I am proposing that it is possible to affect this process, consciously.

Sure, we can live on autopilot and our cells will do their thing naturally, according to how they did it before. But what happens when something goes awry in this process? Cancer, perhaps.

What if we decide to become more involved in our own renewal process? What if we nurture ourselves in such a way that we can override faulty programming at the cellular level, and actually choose healthy new cells when the time comes for them to be renewed? Imagine the quality of life that becomes possible.

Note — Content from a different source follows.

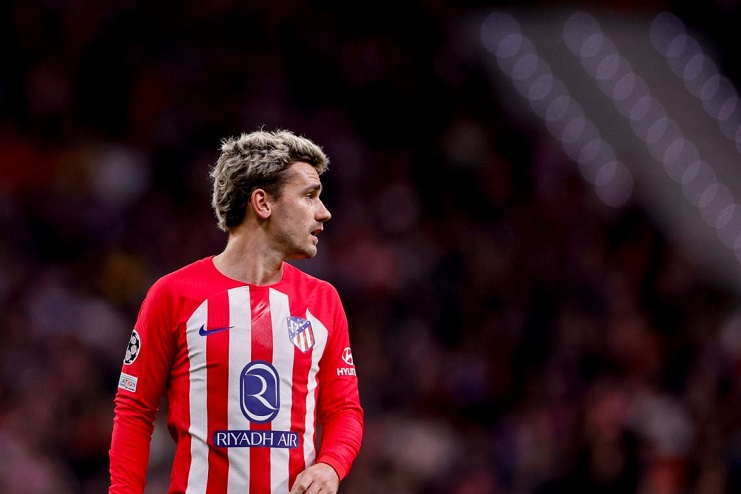 Snaha Antoina Griezmanna pomáhá Atléticu de Madrid zajistit vítězství v zápase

The way to accomplish this is to begin the practice of shifting awareness from its ordinary state, to the higher consciousness that each of us has access to. We can do this in the comfort of our own home, on our own time. It is a matter of taking the time to expand the capacity of our brain, pushing its frontiers and elevating its function from ‘business as usual’ to a consciousness that transcends ordinary thinking.

Simply sit. Breathe. Keep the eyes still, not darting all around. Ask yourself the question: Who am I really? Am I my brain, the mass of grey matter that works better than any computer? The answer may be: Partly, but I am also something more – I can feel it.

I believe that there is one more piece to the body that we can’t easily see. This piece has a natural ethics and a higher intelligence. Let’s call it the conscious self.

Begin to identify with your conscious self. And use this consciousness to engage your brain. Use the brain as the tool it is, and have it direct your cells to BE HEALTHY. Focus attention and energy on visualizing your cells, and how they are the very stuff you are made of. Then, focus on them renewing in a HEALTHY and VIBRANT fashion.

You may laugh at this practice, and call it impossible.

Or, you may try it, and find yourself growing healthier, rather than declining into old age with a groan of pain at all the states of imbalance that sometimes come with it.

 What if over time, you trained your mind to consciously affect the state of your cells. What if?